The crunch of dried leaves brushed away Skidder’s oaths as Luke moved toward his place. He’d always been careful not to leave enough of a path so that anyone could accidentally find his cabin, but now he didn’t care. Allie or Nana was hurt. Maybe both.

He had to get to them.

Chapter 39

I’d always hated hospitals. Saw them as cold, impersonal, and full of people long past caring. To me they seemed like a place where the dead went to be told the news. I avoid them if at all possible. The last time Nana and I went into one, we’d followed the ambulance carrying my grandfather. He was DOA, but we still got a bill from the hospital.

University Hospital in Lubbock wasn’t what I expected. When they helped me get Nana out of the van, not one of them asked if I had insurance or could I pay in advance.

By the time we got to Lubbock, Nana’s lap was full of blood and I was long past panic. I drove right up to the door and started screaming for help.

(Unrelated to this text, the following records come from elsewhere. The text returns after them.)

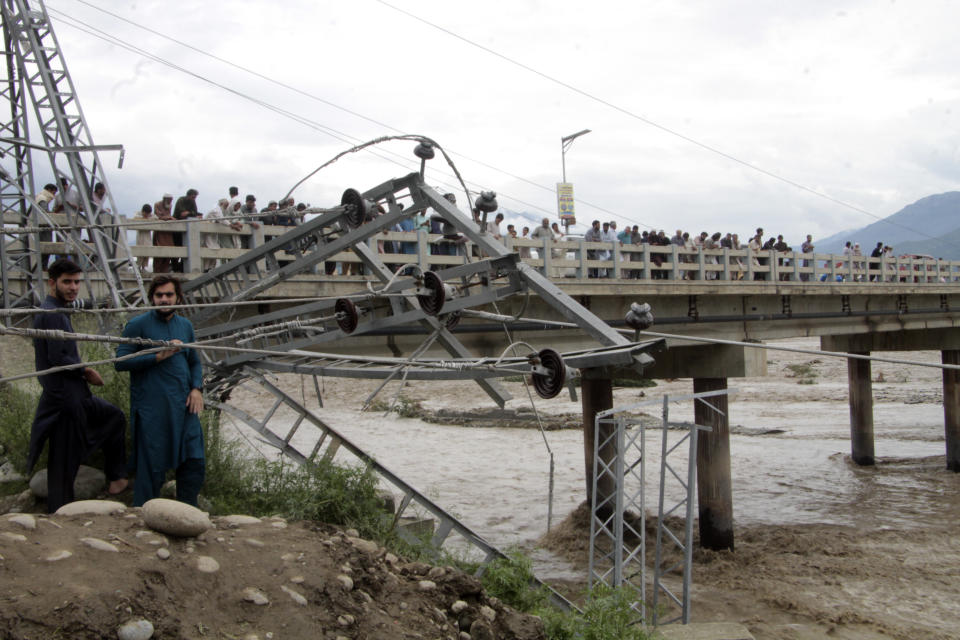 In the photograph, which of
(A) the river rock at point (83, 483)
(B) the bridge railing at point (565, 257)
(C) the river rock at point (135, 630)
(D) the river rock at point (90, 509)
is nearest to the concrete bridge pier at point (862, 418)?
(B) the bridge railing at point (565, 257)

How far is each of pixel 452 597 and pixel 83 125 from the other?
38.1 feet

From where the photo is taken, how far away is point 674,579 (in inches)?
493

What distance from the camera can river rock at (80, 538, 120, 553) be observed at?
13.0 ft

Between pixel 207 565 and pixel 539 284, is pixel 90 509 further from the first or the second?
pixel 539 284

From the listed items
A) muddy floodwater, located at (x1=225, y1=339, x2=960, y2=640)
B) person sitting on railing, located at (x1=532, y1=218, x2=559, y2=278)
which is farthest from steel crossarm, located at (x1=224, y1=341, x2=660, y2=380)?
person sitting on railing, located at (x1=532, y1=218, x2=559, y2=278)

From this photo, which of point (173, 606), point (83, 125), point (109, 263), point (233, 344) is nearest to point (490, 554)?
point (233, 344)

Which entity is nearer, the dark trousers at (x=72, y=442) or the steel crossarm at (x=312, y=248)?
the dark trousers at (x=72, y=442)

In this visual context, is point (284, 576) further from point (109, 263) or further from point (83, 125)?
point (83, 125)

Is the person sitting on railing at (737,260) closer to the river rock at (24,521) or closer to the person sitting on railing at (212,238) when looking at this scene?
the person sitting on railing at (212,238)

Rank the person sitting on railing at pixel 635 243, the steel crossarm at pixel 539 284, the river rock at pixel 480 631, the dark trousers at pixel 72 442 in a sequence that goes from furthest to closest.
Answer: the person sitting on railing at pixel 635 243
the steel crossarm at pixel 539 284
the dark trousers at pixel 72 442
the river rock at pixel 480 631

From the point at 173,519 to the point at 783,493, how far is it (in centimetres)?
1672

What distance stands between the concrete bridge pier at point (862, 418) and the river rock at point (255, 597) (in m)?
19.8

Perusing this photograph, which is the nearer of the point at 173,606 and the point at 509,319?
the point at 173,606

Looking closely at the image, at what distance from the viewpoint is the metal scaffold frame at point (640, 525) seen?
785 centimetres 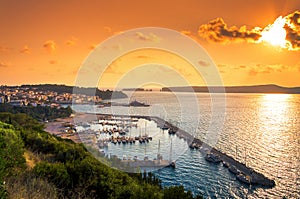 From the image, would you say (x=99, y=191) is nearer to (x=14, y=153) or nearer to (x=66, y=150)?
(x=14, y=153)

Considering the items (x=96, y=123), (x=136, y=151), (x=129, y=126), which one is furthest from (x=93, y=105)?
(x=136, y=151)

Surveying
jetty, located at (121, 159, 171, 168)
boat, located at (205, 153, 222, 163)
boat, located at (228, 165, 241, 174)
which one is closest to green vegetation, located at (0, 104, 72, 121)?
jetty, located at (121, 159, 171, 168)

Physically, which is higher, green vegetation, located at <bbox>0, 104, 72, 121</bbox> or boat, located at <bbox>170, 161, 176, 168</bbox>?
green vegetation, located at <bbox>0, 104, 72, 121</bbox>

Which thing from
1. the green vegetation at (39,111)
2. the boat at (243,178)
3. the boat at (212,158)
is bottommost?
the boat at (243,178)

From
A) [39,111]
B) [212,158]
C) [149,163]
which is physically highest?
[39,111]

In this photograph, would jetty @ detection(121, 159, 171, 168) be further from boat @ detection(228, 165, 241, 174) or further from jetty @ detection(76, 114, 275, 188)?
boat @ detection(228, 165, 241, 174)

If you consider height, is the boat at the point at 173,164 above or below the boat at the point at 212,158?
below

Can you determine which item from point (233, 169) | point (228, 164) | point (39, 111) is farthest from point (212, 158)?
point (39, 111)

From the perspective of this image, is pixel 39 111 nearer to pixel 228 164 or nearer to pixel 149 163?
pixel 149 163

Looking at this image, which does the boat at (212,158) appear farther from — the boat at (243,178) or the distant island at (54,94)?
the distant island at (54,94)

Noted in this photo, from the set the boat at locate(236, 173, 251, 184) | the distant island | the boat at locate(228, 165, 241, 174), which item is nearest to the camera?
the boat at locate(236, 173, 251, 184)

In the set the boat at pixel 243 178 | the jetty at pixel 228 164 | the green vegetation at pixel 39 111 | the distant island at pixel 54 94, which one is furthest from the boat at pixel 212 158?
the distant island at pixel 54 94

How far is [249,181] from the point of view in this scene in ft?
55.6

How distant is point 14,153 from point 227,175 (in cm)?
1628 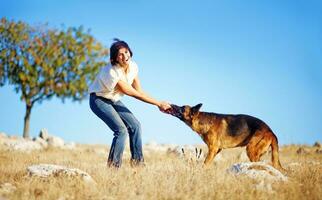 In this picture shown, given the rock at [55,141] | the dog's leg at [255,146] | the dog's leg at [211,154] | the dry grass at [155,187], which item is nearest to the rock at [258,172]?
the dry grass at [155,187]

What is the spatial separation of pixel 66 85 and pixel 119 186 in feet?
97.3

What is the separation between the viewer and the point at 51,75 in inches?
1394

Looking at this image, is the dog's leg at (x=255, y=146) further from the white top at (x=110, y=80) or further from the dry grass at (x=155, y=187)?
the white top at (x=110, y=80)

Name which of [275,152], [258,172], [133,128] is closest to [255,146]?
[275,152]

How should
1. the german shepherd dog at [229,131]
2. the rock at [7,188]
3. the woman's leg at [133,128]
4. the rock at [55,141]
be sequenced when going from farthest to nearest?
1. the rock at [55,141]
2. the german shepherd dog at [229,131]
3. the woman's leg at [133,128]
4. the rock at [7,188]

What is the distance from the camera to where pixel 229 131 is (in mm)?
11336

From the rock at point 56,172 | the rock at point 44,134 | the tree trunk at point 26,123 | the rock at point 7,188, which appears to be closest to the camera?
the rock at point 7,188

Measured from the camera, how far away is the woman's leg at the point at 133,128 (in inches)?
390

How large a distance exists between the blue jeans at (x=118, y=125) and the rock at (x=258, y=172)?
7.49 ft

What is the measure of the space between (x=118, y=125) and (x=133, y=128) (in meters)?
0.60

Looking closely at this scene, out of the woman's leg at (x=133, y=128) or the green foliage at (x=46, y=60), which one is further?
the green foliage at (x=46, y=60)

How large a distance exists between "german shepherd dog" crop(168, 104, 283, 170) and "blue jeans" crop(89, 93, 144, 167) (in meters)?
1.19

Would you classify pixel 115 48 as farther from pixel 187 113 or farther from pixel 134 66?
pixel 187 113

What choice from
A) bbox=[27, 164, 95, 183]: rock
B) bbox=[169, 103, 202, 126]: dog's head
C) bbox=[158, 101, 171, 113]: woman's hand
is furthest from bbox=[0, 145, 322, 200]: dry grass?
bbox=[169, 103, 202, 126]: dog's head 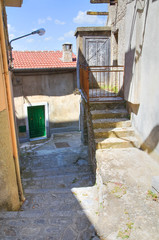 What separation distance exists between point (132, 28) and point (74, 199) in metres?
4.55

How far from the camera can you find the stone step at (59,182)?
6.02 meters

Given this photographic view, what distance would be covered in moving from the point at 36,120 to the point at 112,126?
8691 mm

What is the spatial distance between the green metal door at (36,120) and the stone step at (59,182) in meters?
7.57

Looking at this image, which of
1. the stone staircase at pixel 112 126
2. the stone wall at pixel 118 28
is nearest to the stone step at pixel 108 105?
the stone staircase at pixel 112 126

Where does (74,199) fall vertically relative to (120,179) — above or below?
below

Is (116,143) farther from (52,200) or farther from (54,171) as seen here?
(54,171)

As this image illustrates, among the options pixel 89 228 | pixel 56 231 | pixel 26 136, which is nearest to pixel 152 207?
pixel 89 228

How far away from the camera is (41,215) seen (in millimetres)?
3537

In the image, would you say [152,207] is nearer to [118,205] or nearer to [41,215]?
[118,205]

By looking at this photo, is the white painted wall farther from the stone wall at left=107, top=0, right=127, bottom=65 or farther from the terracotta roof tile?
the terracotta roof tile

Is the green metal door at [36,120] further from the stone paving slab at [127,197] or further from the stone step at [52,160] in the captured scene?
the stone paving slab at [127,197]

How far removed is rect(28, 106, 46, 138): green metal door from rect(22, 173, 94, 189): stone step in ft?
24.8

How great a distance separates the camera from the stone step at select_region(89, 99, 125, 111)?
22.2 feet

Nana held my hand as tight as she could all the way to the examining room. People in scrubs moved around us, doing all kinds of things to her. I kept my eyes on her face, not wanting to see the knife wound. Not wanting to see the blood.

Nana looked like she might pass out, but she didn’t say a word about the pain. I took over answering all the questions I could, mostly feeling like an idiot. How could I have lived with her all my life and not know her blood type or if she was allergic to any medicine? I couldn’t even remember her mother’s maiden name, but did have enough sense to wonder why they asked.

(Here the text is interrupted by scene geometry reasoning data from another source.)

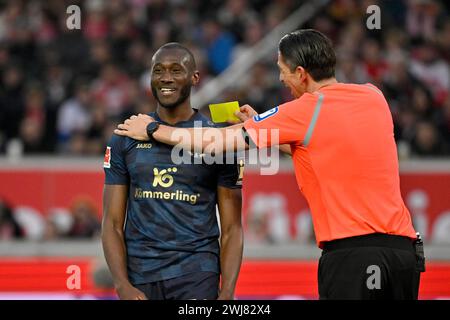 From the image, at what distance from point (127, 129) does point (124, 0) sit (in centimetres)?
908

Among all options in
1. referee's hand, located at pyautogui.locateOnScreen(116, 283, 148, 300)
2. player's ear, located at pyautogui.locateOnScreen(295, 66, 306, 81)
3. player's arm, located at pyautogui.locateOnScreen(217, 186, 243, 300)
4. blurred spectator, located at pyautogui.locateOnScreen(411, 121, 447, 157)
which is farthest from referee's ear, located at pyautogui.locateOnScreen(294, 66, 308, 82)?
blurred spectator, located at pyautogui.locateOnScreen(411, 121, 447, 157)

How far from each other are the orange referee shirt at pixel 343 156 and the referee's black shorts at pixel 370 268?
6cm

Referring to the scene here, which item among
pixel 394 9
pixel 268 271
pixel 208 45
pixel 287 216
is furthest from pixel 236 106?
pixel 394 9

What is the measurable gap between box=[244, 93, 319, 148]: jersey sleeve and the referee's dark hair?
178 millimetres

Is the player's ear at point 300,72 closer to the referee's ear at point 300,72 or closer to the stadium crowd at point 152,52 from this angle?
the referee's ear at point 300,72

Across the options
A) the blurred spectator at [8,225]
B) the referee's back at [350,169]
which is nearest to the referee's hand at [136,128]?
the referee's back at [350,169]

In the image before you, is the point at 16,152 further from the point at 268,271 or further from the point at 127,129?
the point at 127,129

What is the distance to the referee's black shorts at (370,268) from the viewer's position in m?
5.09

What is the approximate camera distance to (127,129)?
5656 millimetres

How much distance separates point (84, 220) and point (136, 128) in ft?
18.7

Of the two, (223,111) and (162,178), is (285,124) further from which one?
(162,178)

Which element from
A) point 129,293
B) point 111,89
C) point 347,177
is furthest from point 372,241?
point 111,89

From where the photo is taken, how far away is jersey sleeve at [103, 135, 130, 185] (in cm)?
570

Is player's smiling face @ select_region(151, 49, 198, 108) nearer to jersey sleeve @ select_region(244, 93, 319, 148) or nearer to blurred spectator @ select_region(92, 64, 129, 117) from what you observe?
jersey sleeve @ select_region(244, 93, 319, 148)
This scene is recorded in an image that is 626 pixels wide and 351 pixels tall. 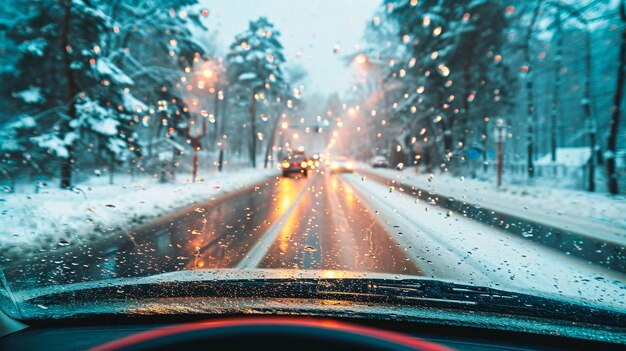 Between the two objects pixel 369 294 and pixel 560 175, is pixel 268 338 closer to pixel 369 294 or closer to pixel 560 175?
pixel 369 294

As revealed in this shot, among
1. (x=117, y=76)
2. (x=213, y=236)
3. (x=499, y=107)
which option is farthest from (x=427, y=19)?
(x=213, y=236)

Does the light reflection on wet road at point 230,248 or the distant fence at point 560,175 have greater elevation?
the distant fence at point 560,175

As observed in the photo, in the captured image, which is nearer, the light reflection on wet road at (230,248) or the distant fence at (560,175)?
the light reflection on wet road at (230,248)

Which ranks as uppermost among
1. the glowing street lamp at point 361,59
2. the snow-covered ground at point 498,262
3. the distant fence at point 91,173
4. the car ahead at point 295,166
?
the glowing street lamp at point 361,59

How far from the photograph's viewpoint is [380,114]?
162ft

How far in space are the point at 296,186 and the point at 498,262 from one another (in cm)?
1589

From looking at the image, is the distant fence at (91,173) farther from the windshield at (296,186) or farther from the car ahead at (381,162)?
the car ahead at (381,162)

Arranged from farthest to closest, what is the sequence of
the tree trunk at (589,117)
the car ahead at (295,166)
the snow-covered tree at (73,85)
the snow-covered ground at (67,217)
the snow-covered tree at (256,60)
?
1. the snow-covered tree at (256,60)
2. the car ahead at (295,166)
3. the tree trunk at (589,117)
4. the snow-covered tree at (73,85)
5. the snow-covered ground at (67,217)

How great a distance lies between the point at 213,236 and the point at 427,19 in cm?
2305

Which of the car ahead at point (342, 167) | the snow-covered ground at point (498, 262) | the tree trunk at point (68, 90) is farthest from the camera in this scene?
the car ahead at point (342, 167)

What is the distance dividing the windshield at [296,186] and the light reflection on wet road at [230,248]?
0.19ft

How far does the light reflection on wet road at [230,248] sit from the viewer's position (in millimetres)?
5688

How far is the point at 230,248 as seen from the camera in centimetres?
725

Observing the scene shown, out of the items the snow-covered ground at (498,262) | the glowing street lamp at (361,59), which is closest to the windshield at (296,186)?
Result: the snow-covered ground at (498,262) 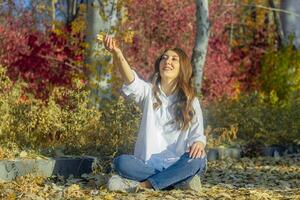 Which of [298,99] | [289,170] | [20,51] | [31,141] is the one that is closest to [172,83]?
[31,141]

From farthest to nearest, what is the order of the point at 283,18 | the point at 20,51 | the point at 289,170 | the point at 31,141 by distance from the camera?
the point at 283,18 → the point at 20,51 → the point at 289,170 → the point at 31,141

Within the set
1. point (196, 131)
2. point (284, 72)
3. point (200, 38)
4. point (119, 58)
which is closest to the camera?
point (119, 58)

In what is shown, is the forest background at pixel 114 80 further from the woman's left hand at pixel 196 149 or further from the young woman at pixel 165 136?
the woman's left hand at pixel 196 149

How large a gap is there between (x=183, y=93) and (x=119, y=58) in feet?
1.70

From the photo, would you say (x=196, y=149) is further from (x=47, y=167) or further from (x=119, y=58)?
(x=47, y=167)

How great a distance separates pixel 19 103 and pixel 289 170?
2.62 meters

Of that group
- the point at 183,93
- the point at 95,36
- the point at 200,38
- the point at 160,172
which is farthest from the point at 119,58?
the point at 200,38

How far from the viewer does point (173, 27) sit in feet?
41.8

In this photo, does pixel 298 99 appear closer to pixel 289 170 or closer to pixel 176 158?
pixel 289 170

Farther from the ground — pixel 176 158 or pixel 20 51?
pixel 20 51

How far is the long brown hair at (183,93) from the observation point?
14.7 ft

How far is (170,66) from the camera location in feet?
15.0

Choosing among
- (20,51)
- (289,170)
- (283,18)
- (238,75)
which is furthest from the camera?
(238,75)

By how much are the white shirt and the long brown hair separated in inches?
1.4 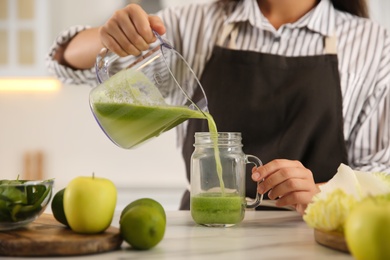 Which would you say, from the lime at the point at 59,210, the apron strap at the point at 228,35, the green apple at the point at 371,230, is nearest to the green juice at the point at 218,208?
the lime at the point at 59,210

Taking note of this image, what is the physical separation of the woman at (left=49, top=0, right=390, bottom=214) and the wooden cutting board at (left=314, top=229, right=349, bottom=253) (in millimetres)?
643

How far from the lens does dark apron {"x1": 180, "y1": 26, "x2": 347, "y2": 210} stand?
1681 millimetres

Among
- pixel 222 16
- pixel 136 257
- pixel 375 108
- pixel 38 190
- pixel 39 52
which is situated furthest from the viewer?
pixel 39 52

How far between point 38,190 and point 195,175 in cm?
33

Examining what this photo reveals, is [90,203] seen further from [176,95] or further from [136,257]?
[176,95]

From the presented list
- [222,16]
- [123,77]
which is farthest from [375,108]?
[123,77]

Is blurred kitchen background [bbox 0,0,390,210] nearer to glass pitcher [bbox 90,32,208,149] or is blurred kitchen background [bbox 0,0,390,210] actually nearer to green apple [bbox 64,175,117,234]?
glass pitcher [bbox 90,32,208,149]

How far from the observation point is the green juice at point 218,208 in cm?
116

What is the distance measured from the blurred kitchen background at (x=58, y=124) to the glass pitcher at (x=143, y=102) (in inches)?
72.2

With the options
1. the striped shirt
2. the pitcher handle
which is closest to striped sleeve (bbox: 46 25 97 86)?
the striped shirt

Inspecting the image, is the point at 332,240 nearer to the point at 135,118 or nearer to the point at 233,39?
the point at 135,118

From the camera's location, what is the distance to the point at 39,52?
298 centimetres

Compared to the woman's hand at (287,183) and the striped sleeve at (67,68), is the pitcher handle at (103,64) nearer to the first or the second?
the woman's hand at (287,183)

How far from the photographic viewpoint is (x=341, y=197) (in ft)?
3.06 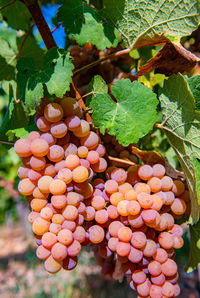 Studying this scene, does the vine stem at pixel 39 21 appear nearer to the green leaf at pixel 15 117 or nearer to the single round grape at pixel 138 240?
the green leaf at pixel 15 117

I did my best to give them the facts as they hooked her up to tubes.

“We’ve given her something for the pain,” a large woman, who could have been an Amazon in a past life, said. “She’ll relax and probably fall asleep soon.”

I glanced up at the woman with no makeup, but kind summer green eyes. “She’ll be all right, won’t she? She won’t feel a thing when you stitch her up? That’s all that is wrong-a cut. Just a cut.”

The woman in scrubs looked sad. “She’ll need a little more than stitches, but don’t you worry, we’ll take good care of her.” I was afraid to ask more.

She turned to Nana. “Now if you’ll lie down, dear, we’re going to help you rest for a while. The doctor is on his way and the operating room is on ready.”

“I have to start the bread for the rolls at five,” Nana answered. “You can’t hurry yeast. It has to take its good time.”

“We’ve plenty of time.” Amazon Nurse glanced at me, then back to Nana.

“The kids like my rolls.” Nana leaned back as if she didn’t notice the room was crowded with strangers. “I put cheese in them, you know.” She grinned and closed her eyes. “They do love my rolls. I had one little boy ask if I’d go home with him and teach his mother to make my rolls.”

“That’s nice, dear.” The nurse checked her vital signs. “Just relax.”

Nana slowly let go of my hand.

The nurse slipped an oxygen mask in place. “If you’ll wait outside, someone will let you know as soon as we’re finished.” The nurse touched my back, directing me out as the others wheeled Nana away.

She pulled her gloved hand back and stared at fresh blood. “I think we’d best see you now. You should have told us you were cut as well, dear.”

Amazon Nurse seemed kind, but I wasn’t sure I liked being her next “dear.”

I followed as if walking in a dream. The cuts on my back and neck didn’t hurt. My whole world was shifting. I could feel it as plainly as if I were standing on a fault line. I don’t think I would have noticed if all the blood had run out of me.

Nana had looked so fragile, so old. All my life she’d been old, but when had she shrunk to frail? Her hair was thin and mousy white. Her fingers twisted, almost deformed. Her arms spotted with age marks.

I wanted to run back and hold her one more time. I wanted to see her through my child eyes, the way she’d been when I was little. I wanted to tell her how much I loved her. I wanted to know that she heard me. That she understood.